CSA Research

04Dec

Human Vs. AI Interpreting – a Real-Life Comparison

For the last 10 years, I have written hundreds of pages of research on interpreting in its various forms. I personally tested countless interpreting management systems (IMSes), interpreting delivery platforms (IDPs) including telephone (OPI) or video remote (VRI), remote simultaneous interpreting (RSI), and even a broad range of automated interpreting systems. Yet, when running demos on these products, I usually knew the language used to prove how the technology works. Even in the few instances when I didn’t, the session was very short and did not give me a chance to feel any frustration at language limitations. I had never needed to rely on interpreting as a true user would in a situation when they don’t know the language at all.

Recently, I had the unique opportunity to attend a conference where I relied entirely on interpreting to navigate presentations, discussions, and interactions. The sessions combined simultaneous interpreting for keynotes with automated interpreting for breakout discussions – offering a firsthand look at two of the most prominent modalities shaping the interpreting landscape today. Despite some quick language-learning attempts before the trip, I arrived as a true outsider to the language, experiencing the technology just as a typical end-user might.

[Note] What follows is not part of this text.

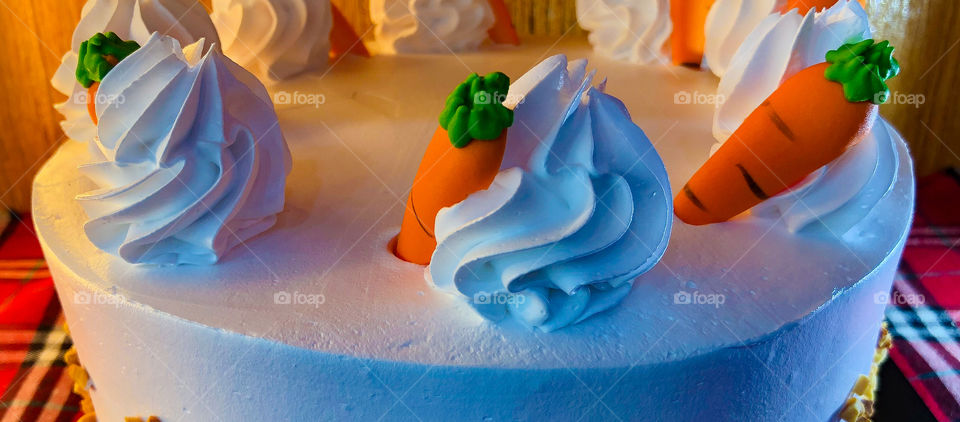 Creamy and Sweet Carrot Cake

Perceptions on Human Interpreting

The first part of the conference relied on human conference interpreters, which, in my mind, was the best-in-class service for such events. My experience however dampened that impression:

I couldn’t hear the interpretation well. Attendees were provided with a standard earpiece receiver. Once I figured out how to put the earpiece in and presenters started to talk, I realized that the volume of the source language coming in from the loudspeakers completely overpowered the audio from my earpiece. Cranking up the volume on the earpiece would just hurt my ears, so I stopped that. I missed a tremendous amount of the interpretation because what I really needed was an earplug in my other ear to block out the source language.
The quality of the interpretation was subpar. The organization relied on volunteers who clearly became overwhelmed by how technical the conference content was, especially with the breakneck pace of the speakers. The interpreters did a good job with what I knew well already. But any time a presenter spoke about something a bit new, the interpreters faltered and I ended up missing the whole point that was new to me.
Interpreter preparation didn’t seem to have made much difference. I sent my slides ahead of time to interpreters and even went to check in with them before the conference started to ask if they needed any clarifications. They reported being ready. But when I later asked conference attendees who listened to the interpretation of my session, it seems to have been hard to follow. The feedback about my content in the target language was average – yet those who listened to me present in English had rave reviews.
I don’t trust my notes. As an analyst, numbers that people cite are the most interesting to me during a presentation. Interestingly, interpreters spoke numbers with less confidence than the rest of the text, lowering their voice and hesitating. This left me unsure how accurate those numbers were and I ended up deciding not to retain any number from a research standpoint – I just couldn’t guarantee that I heard numbers that were error free.
Earpieces are not practical when you present. Once it was my turn to present, I had a microphone in one hand and a clicker in the other. It was just not practical to also handle the interpretation receiver. Therefore, I left it on the lectern while presenting, which was probably not ideal if handling questions had been part of the exercise.
Interpreters just handle the session. There is more to a conference than presentations. I found myself very limited in my ability to network with attendees, especially as few of them spoke English. I wish I had had a personal interpreter for the breaks or to talk with vendors on the tradeshow floor whose marketing collateral was 100% in a language I don’t speak or read and whose booths rarely had English-speaking staff. This communication challenge reduces the benefit of attending a conference in another language.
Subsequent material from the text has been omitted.